▶ The problem
Set down, word for word, the line with "40首老歌架子鼓现代流行音乐,流行歌曲架子鼓鼓谱完整版" and the lines after it through the final line of the data below, without pictures.

··· Information shown ···

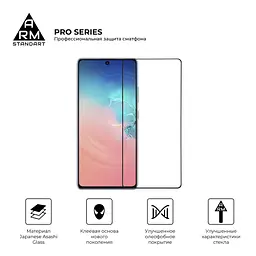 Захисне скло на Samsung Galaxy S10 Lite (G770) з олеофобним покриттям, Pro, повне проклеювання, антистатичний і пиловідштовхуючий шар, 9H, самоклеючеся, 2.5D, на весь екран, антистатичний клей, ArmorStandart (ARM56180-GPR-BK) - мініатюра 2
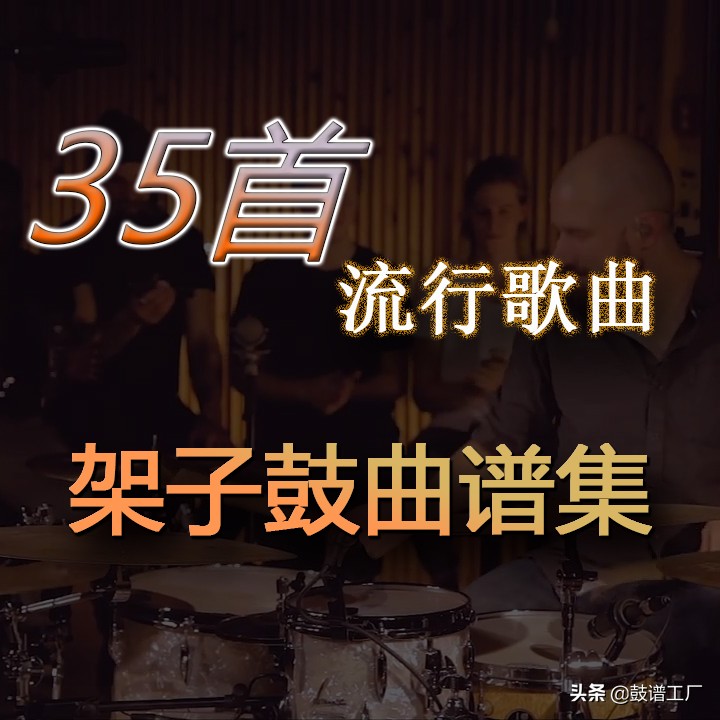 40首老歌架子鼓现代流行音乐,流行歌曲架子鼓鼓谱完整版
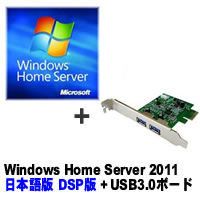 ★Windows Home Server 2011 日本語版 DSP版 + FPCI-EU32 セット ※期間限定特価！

···

▶ Result
 40首老歌架子鼓现代流行音乐,流行歌曲架子鼓鼓谱完整版
 ★Windows Home Server 2011 日本語版 DSP版 + FPCI-EU32 セット ※期間限定特価！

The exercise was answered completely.